2,497 People Tested in Relation to Hungarian Diplomat, Only Four COVID-19 Cases Found

The Ministry of Health on Nov. 12 said that no new cases had been found in relation to the Hungarian Foreign Minister's visit. Photo: Prak Sokhonn
  • Phoung Vantha and Gerald Flynn
  • November 12, 2020 5:35 AM

No new cases of COVID-19 have been found in connection to the Hungarian Foreign Minister’s visit to Cambodia, who tested positive for the virus on arriving in Thailand and later laughed about it with European politicians.

PHNOM PENH--The Ministry of Health Nov. 12 confirmed that 2,497 people who are believed to have come into contact with Hungarian Foreign Minister Péter Szijjártó during his visit to Cambodia on Nov. 3 have now been tested for COVID-19, but no new cases have been found.

Four Cambodians have contracted the virus from Szijjártó and are being treated at the Khmer-Soviet Friendship Hospital in Phnom Penh after the top Hungarian diplomat skirted Cambodia’s COVID-19 protocols and requested that no masks be worn during his meetings.

The Health Ministry said that of the 2,497 people tested, only 817 have been tested more than once, despite Prime Minister Hun Sen’s order that officials who were exposed to the virus take the situation seriously. Some 1,680 people believed to be at risk due to Szijjártó’s visit have only been tested once, the Ministry of Health admitted.

It remains unclear why such a large proportion of those who were in contact with Szijjártó have only been tested once, especially given that the World Health Organization’s guidelines show that the incubation period of the virus can be up to 14 days.

Meanwhile, after being evacuated for Bangkok upon learning he had caught the virus, Szijjártó posted a video to his Facebook page where he laughs and jokes with Austrian and Slovenian diplomats about his one-day visit to Cambodia.

The Hungarian diplomat formally apologized to Prime Minister Hun Sen for unknowingly exposing him and thousands of Cambodians to the virus on Nov. 6, but the same day Szijjártó posted the video on social media where he displayed no remorse for the impact his one-day visit.

Neither Hungary’s Ministry of Foreign Affairs and Trade nor the Hungarian government’s spokesperson team responded to requests for comment on Szijjártó’s visit.

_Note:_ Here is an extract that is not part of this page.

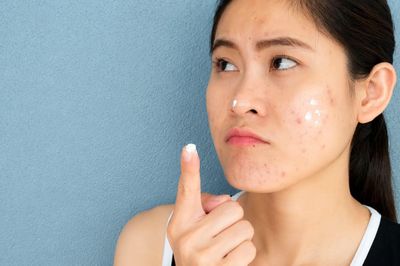 5 món skincare mang tiếng 'thần dược' nhưng nhiều chuyên gia làm đẹp khuyên nên dè chừng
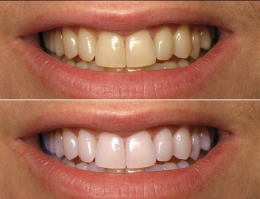 whitening11alaser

In the wake of what has been referred to as the “Nov. 3 incident” schools in Phnom Penh and Kandal Province have been forced to close, as have businesses, sports and social events, including the cancelation of weddings and funerals.

Cambodians have taken to social media to express their frustration with Szijjártós disregard for the health guidelines during an ongoing pandemic, but Cambodian Foreign Minister Prak Sokhonn has rushed to the defense of his Hungarian counterpart.

Sokhonn stated that the Nov. 3 incident should not affect the goodwill of Hungary and Cambodia’s diplomatic relations. Sokhonn himself was in direct contact with Szijjártó, but has since tested negative for COVID-19 twice.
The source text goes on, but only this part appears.